Breastfeeding with diabetes – everything you need to know

Posted on October 10th, 2018

The good news is, yes you can! We asked a dietitian with type 1 diabetes to share her top tips for breastfeeding success. By Tammy Jacks

Breastfeeding with diabetes

Wondering if and how you can breastfeed with diabetes? The truth is, you absolutely can. In fact, according to the International Diabetes Council, if you have Type 1 or Type 2 diabetes, breastfeeding can help to manage the disease and prevent further complications. There’s also no risk to your baby or any chance of transferring the disease.

Breastfeeding may also lengthen the amount of time until your menstrual cycle returns. This is good news for diabetics, because your menstrual cycle brings a hormonal change that make it more difficult to control blood sugar levels.

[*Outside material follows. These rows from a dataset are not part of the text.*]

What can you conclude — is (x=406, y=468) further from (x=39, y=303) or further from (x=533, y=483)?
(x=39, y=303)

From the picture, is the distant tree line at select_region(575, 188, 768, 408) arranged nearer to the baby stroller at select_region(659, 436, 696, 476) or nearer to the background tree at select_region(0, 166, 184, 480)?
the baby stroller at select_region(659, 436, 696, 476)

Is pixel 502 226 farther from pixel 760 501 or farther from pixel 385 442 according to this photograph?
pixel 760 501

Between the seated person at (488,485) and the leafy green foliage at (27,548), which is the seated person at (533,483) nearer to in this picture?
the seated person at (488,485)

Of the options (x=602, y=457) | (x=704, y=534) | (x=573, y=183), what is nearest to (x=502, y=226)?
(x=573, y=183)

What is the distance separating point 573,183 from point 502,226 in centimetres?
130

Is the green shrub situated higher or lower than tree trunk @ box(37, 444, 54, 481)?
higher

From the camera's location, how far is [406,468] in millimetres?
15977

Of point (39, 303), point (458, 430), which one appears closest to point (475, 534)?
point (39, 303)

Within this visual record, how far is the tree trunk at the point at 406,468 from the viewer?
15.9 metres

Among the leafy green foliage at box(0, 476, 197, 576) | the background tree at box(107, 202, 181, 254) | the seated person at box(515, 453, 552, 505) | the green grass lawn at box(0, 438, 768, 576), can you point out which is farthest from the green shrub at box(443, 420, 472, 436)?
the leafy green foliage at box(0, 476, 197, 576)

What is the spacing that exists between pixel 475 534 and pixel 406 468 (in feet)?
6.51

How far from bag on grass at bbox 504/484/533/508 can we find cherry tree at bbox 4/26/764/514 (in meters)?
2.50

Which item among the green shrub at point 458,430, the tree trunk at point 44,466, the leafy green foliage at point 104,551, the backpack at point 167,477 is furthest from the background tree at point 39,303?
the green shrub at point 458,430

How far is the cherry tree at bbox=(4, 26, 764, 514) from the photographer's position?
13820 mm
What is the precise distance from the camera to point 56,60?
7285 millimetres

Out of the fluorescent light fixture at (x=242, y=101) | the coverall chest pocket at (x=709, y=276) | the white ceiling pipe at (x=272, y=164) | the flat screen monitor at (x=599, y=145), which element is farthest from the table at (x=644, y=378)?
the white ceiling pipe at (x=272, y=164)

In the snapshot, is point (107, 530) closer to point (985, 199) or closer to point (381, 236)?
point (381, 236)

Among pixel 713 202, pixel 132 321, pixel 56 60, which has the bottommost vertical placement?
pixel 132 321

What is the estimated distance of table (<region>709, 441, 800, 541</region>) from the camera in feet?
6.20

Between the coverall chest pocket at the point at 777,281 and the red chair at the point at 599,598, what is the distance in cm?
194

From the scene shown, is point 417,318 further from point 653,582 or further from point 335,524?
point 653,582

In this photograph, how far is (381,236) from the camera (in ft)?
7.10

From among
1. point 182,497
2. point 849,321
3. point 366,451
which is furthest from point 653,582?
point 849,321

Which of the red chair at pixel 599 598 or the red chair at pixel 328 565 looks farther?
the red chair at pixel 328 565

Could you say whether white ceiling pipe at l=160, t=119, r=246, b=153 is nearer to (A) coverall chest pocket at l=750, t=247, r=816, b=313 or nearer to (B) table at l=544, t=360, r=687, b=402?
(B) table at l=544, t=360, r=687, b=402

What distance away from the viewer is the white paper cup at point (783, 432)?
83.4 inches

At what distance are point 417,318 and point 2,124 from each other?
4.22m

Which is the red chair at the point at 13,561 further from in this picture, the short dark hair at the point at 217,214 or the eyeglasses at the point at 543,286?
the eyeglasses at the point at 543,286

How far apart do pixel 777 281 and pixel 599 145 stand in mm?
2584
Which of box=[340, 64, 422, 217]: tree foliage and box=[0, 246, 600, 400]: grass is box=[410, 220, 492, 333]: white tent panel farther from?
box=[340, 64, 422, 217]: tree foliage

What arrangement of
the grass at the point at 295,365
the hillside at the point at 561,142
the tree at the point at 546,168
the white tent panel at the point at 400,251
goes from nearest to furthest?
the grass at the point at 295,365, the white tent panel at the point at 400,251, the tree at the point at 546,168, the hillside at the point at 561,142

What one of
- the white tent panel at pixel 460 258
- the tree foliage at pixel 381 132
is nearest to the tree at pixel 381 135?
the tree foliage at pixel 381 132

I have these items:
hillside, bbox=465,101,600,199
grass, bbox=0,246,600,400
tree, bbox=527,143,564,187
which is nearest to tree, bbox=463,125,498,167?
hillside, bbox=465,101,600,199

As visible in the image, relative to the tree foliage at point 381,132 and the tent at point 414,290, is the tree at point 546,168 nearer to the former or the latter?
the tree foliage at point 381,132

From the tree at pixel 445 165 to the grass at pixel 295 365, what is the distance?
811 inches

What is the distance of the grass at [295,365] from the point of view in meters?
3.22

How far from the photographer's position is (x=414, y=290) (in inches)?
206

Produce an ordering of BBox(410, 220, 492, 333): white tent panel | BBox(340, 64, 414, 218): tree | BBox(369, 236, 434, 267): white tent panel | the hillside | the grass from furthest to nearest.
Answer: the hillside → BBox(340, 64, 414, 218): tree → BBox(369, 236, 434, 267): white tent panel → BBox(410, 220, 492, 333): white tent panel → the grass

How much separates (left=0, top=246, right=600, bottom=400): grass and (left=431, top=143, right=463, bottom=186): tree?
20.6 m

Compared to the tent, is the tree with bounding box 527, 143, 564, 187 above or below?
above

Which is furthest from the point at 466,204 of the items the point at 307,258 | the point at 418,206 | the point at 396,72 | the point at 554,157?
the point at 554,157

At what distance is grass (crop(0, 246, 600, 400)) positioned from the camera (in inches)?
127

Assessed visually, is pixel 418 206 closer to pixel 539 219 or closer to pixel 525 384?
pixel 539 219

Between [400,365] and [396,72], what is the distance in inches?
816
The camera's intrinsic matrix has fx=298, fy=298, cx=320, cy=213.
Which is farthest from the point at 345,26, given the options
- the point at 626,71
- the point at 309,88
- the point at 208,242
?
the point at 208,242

However, as a diabetic, there are a few factors you may need to consider throughout your breastfeeding journey, explains registered dietitian and Type 1 diabetic, Jessica Oosthuizen.

ALSO SEE: 10 frequently asked breastfeeding questions answered

The link between breastfeeding and hypoglycaemia

Because breastfeeding helps to burn additional calories, you might not need to administer as much insulin as you typically would have before nursing. While this is good news for diabetics, a blood sugar level drop could also raise your risk of hypoglycaemia – which occurs when there’s an abnormally low level of sugar, or glucose, in the blood, explains Jessica.

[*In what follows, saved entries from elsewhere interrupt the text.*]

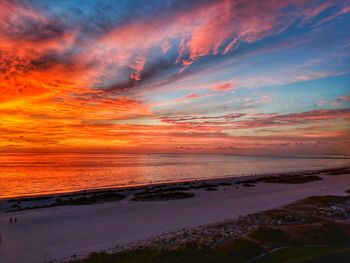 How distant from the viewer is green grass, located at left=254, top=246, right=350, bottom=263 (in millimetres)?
12094

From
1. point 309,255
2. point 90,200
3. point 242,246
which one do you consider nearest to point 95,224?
point 242,246

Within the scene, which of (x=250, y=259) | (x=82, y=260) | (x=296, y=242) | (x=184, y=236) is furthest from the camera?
(x=184, y=236)

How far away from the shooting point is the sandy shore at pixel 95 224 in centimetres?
1755

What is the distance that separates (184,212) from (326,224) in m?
14.1

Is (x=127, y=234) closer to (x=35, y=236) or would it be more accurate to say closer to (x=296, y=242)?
(x=35, y=236)

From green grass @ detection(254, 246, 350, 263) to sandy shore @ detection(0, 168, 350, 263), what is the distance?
8977mm

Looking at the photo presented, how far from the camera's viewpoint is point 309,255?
12.5m

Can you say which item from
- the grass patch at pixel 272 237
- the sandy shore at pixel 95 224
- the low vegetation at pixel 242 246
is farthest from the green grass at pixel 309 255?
the sandy shore at pixel 95 224

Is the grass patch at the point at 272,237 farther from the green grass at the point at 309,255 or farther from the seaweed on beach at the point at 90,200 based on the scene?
the seaweed on beach at the point at 90,200

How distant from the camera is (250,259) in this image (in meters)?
13.3

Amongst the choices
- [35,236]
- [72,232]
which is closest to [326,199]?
[72,232]

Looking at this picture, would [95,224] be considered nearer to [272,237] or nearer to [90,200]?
[272,237]

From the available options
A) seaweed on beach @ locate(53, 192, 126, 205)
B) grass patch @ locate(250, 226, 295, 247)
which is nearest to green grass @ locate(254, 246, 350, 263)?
grass patch @ locate(250, 226, 295, 247)

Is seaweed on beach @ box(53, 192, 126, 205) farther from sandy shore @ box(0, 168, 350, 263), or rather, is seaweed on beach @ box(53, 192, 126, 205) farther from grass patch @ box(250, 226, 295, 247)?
grass patch @ box(250, 226, 295, 247) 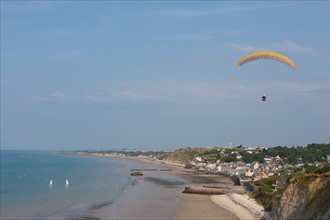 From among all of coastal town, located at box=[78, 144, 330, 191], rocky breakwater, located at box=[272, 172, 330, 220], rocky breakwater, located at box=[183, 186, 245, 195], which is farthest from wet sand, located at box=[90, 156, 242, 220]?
coastal town, located at box=[78, 144, 330, 191]

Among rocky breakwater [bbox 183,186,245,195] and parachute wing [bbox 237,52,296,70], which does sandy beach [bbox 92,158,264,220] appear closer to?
rocky breakwater [bbox 183,186,245,195]

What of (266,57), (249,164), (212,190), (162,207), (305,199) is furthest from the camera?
(249,164)

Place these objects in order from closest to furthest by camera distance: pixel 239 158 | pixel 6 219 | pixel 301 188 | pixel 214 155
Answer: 1. pixel 301 188
2. pixel 6 219
3. pixel 239 158
4. pixel 214 155

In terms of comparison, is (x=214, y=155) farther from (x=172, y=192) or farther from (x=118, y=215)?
(x=118, y=215)

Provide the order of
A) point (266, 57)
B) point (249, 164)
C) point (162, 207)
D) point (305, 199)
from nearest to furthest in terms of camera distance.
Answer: point (305, 199) → point (266, 57) → point (162, 207) → point (249, 164)

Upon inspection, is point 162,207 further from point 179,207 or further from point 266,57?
point 266,57

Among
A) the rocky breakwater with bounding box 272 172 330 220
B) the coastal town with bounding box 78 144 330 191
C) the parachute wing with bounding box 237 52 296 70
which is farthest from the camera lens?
the coastal town with bounding box 78 144 330 191

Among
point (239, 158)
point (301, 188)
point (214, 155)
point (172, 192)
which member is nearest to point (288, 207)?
point (301, 188)

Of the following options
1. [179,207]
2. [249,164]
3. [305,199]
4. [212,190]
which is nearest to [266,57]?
[305,199]

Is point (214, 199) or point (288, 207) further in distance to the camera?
point (214, 199) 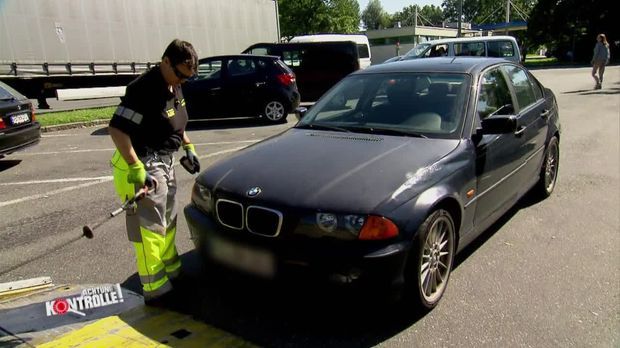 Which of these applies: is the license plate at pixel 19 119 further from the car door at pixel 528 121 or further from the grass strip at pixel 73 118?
the car door at pixel 528 121

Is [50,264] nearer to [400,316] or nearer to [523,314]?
[400,316]

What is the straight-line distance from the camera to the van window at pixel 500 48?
16047 millimetres

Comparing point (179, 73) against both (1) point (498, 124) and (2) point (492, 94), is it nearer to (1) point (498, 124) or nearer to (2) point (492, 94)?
(1) point (498, 124)

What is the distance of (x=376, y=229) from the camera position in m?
2.70

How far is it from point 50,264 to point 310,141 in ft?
7.81

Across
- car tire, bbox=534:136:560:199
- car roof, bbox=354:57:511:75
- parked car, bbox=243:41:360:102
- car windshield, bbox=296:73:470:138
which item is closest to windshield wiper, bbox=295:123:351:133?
car windshield, bbox=296:73:470:138

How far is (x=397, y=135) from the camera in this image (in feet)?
12.1

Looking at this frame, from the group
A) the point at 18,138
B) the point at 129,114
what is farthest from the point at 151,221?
the point at 18,138

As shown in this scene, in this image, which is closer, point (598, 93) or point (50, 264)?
point (50, 264)

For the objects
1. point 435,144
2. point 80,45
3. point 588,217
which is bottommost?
point 588,217

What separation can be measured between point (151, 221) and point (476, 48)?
15.3 metres

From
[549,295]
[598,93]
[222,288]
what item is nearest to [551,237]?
[549,295]

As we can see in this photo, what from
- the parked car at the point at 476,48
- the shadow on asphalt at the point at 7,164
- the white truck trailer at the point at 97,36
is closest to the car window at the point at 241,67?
the shadow on asphalt at the point at 7,164

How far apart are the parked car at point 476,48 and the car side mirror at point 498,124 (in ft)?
42.1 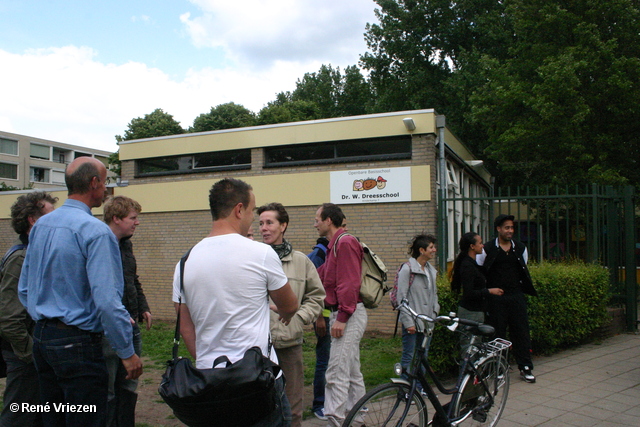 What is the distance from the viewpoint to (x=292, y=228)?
38.6 feet

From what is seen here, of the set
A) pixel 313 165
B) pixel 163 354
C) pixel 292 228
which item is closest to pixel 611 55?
pixel 313 165

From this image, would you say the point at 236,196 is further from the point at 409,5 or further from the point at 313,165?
the point at 409,5

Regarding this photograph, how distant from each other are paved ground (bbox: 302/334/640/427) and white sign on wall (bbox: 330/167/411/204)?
461 cm

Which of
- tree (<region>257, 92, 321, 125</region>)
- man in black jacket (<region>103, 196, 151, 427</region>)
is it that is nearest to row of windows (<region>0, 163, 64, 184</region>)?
tree (<region>257, 92, 321, 125</region>)

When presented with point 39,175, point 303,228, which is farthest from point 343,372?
point 39,175

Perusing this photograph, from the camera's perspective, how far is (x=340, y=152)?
38.0ft

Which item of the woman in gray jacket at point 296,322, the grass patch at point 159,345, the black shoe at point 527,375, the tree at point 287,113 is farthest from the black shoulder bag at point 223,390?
the tree at point 287,113

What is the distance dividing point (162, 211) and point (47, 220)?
10978 millimetres

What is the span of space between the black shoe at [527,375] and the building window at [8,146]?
64690mm

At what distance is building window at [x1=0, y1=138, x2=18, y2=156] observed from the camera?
188 feet

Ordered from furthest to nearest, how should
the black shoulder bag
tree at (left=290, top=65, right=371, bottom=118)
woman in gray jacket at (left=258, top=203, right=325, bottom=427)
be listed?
1. tree at (left=290, top=65, right=371, bottom=118)
2. woman in gray jacket at (left=258, top=203, right=325, bottom=427)
3. the black shoulder bag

Symptoms of hypoglycaemia include:

  • Trembling
  • Nausea
  • Sweating
  • Racing heart.

It’s important to avoid the risk of hypoglycaemia as far as possible.

Here’s how to keep your blood sugar levels stable:

Breastfeeding places huge demands on your body and requires a varied diet with plenty of nutrients to produce enough good-quality breastmilk for your growing baby. With this in mind, Jessica says that your meal plan should consist of 40% carbohydrates, with a special focus on high-fibre, low-glycaemic and unrefined carbohydrates like oats, brown rice and sweet potato.

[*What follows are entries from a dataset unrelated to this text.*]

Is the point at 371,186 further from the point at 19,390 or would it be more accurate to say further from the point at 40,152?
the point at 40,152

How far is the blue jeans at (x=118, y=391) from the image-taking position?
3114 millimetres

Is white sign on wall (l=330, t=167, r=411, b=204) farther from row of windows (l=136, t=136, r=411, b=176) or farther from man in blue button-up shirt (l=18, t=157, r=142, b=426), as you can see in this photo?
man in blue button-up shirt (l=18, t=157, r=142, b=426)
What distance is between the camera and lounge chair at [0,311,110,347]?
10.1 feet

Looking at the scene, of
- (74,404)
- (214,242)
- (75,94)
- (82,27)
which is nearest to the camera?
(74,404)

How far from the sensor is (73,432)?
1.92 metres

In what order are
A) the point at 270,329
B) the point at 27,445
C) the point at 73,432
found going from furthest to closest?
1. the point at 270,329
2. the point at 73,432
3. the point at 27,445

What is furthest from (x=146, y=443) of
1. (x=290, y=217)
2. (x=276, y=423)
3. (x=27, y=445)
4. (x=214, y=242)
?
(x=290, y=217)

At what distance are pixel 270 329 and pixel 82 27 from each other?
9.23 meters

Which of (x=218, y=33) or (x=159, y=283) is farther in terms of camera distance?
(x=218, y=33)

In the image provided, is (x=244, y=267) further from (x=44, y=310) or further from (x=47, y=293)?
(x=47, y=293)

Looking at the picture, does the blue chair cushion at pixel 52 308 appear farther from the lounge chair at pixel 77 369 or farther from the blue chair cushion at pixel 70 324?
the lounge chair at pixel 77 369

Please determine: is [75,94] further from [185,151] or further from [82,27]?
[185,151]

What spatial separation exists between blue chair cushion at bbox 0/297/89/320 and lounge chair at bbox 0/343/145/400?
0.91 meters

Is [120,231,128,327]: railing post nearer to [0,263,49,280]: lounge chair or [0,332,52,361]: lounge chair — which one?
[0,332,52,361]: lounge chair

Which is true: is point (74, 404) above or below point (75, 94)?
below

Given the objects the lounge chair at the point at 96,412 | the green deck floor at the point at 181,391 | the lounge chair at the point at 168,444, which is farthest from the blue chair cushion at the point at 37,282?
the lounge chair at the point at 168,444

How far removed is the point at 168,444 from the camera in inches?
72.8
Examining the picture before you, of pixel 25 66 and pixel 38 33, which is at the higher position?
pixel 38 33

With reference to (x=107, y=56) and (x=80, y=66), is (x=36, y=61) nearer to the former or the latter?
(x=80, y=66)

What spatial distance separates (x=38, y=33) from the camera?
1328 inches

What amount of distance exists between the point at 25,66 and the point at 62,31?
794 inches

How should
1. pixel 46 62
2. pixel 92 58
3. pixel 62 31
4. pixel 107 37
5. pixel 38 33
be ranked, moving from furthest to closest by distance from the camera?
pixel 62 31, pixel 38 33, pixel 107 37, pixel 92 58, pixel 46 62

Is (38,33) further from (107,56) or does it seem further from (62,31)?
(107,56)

Additionally, 40% of the energy your body requires should come from fats, with at least half coming from unsaturated fats (avocado and olives) and the other 20% should come from protein, she adds. “It’s also important to eat consistently and plan to eat your meals and snacks at regular intervals. This will help to avoid any drops in blood sugar levels,” she says.

ALSO SEE: Your breastfeeding nutrition guide

Plan meals in advance

When it comes to eating a healthy diet throughout your breastfeeding journey, the key is to prep and plan ahead so there’s always a host of healthy snacks and meals to munch on if you’re hungry.

Follow these guidelines when you’re planning ahead:

  • Eat plenty of high-fibre grain products such as rolled oats, brown/wild rice, barley and legumes
  • Include plenty of fresh fruit and vegetables in your diet. A variety of colours are important.
  • Include low-fat dairy products to ensure you’re meeting your calcium requirements.
  • Eat fatty fish, like salmon, mackerel, herring and trout at least twice a week to ensure you meet your omega-3 requirements.
  • Drink enough fluid – aim for two to three litres of water per day. This is especially important when breastfeeding as you want to avoid dehydration at all costs.
  • Limit caffeine to one or two cups of coffee per day.

TOP TIP: “It’s important to note that if you snack on carbohydrate-rich foods in between your meals, you’ll need to adjust your insulin to cover the effect this will have on your blood sugar levels,” says Jessica.